FMA – Existe financiamento para a aquisição dessas unidades?
Ville Niinistö – Existe sim, inclusive da própria Finlândia. Os cases de referência das usinas finlandesas existem em vários países, e o “modus operandi” do financiamento varia de país para país, sendo geralmente responsável pelo financiamento do projeto o proprietário local. A Finnvera é a agência finlandesa para financiamento das exportações, sendo os compromissos atuais da Finnvera no Brasil em torno de 5,5 bilhões de reais e a procura está crescendo. O Brasil é o maior mercado mundial para a Finnvera no crédito de exportações.
 
FMA – Quais as condições para o financiamento?
Ville Niinistö – As condições são regulamentadas pelos acordos de crédito à exportação da OCDE – Organização para Cooperação e Desenvolvimento Econômico.

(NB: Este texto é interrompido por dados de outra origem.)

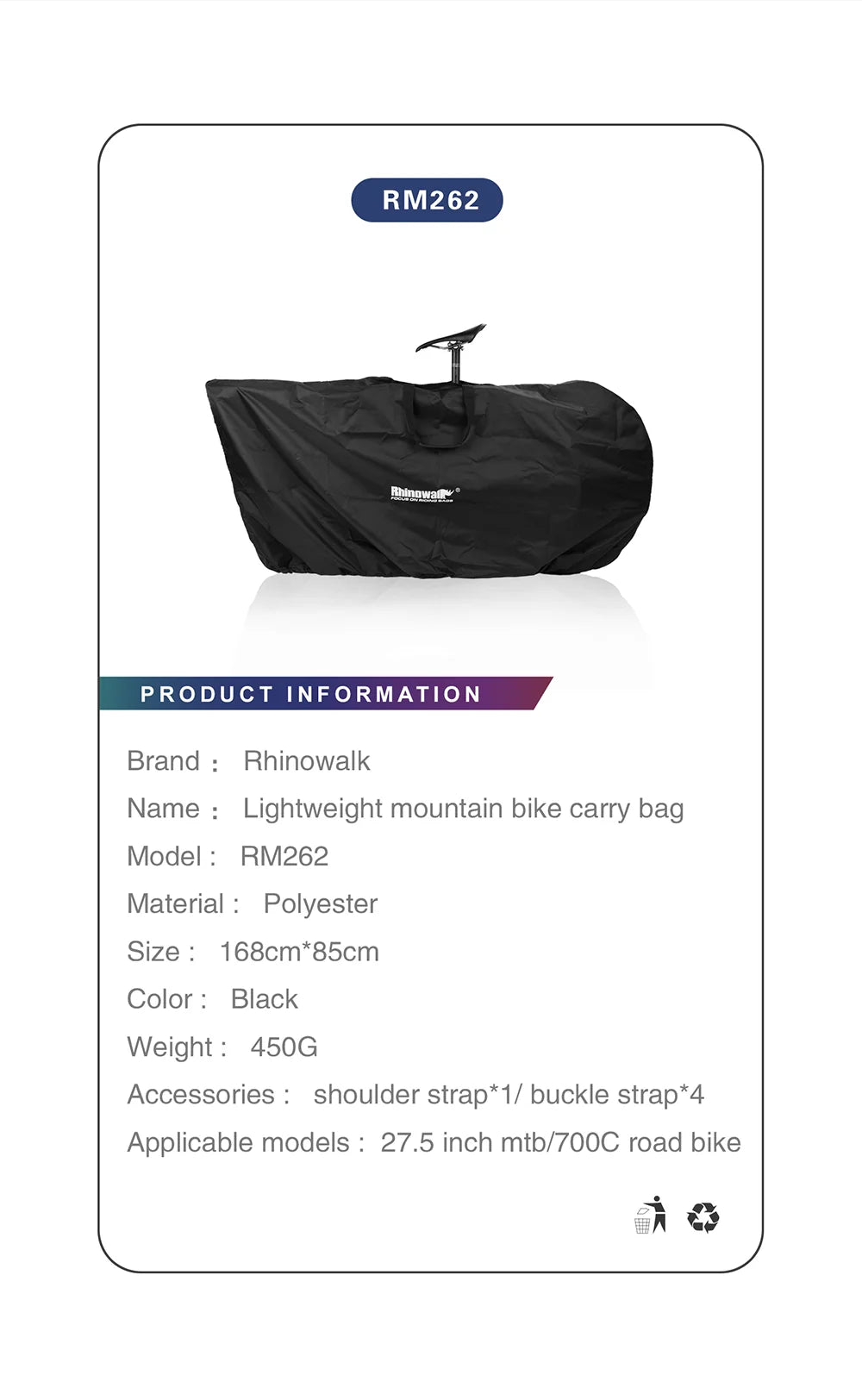 Portable Bicycle Carry Cover for 26-27.5 Inch MTB and 700C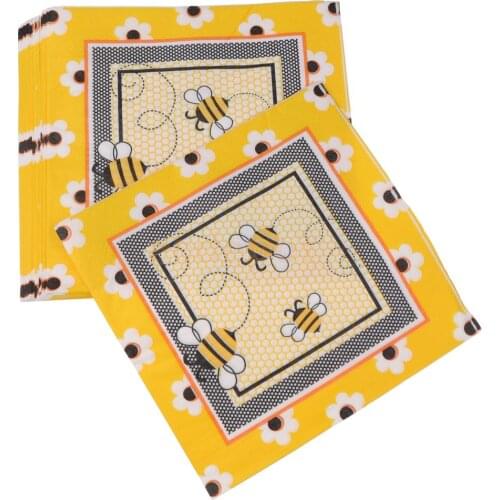 20pcs Disposable Serviettes Paper Bee Napkins Baby Shower Party Tableware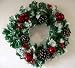 Artificial Plastic Holly & Pomegranite Decorative Wreath - 45cm, Green & Red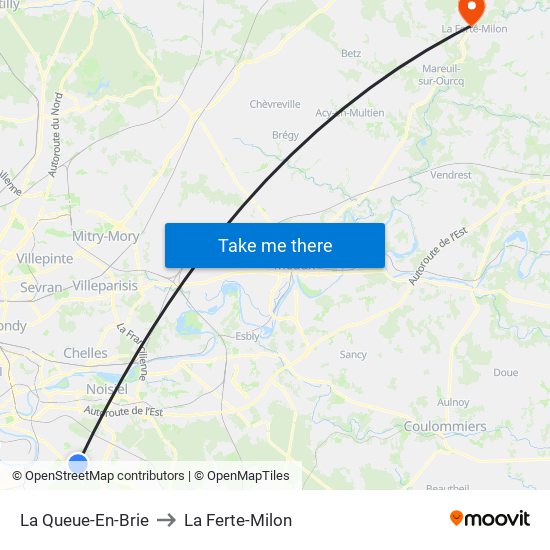 La Queue-En-Brie to La Ferte-Milon map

A Finnvera oferece suporte às exportações particularmente finlandesas.

 

De acordo com as estatísticas da ABRELPE, a geração de resíduos sólidos urbanos per capita no Brasil é de 440kg por ano, dos quais 13% é reciclado.

 

 

CAPITALpara países em desenvolvimento
 
Duas alternativas para capital de risco de longo prazo para projetos que usem tecnologia finlandesa: Finnfund e Nordic Investment Bank  
 
 
O Finnish Fund for Industrial Cooperation (Finnfund) fornece capital de risco de longo prazo para projetos privados nos países em desenvolvimento. 
Além de coinvestimento com empresas finlandesas, o Finnfund pode financiar empreendimentos que usam a tecnologia finlandesa, cooperar com parceiros finlandeses em um horizonte de longo prazo ou gerar grandes benefícios ambientais ou sociais. 
Informações completas estão no site Finnfund (www.finnfund.fi). 
Outra opção é oferecida pelo Nordic Investment Bank, o NIB financia projetos que melhoram a competitividade e o meioambiente de países Nórdicos e Bálticos. 
O NIB concede empréstimos e garantias para empresas públicas e privadas, governos, municípios e instituições financeiras. 
Além dos países membros, o Brasil é um dos países prioritários para concessão de investimentos do NIB (www.nib.int).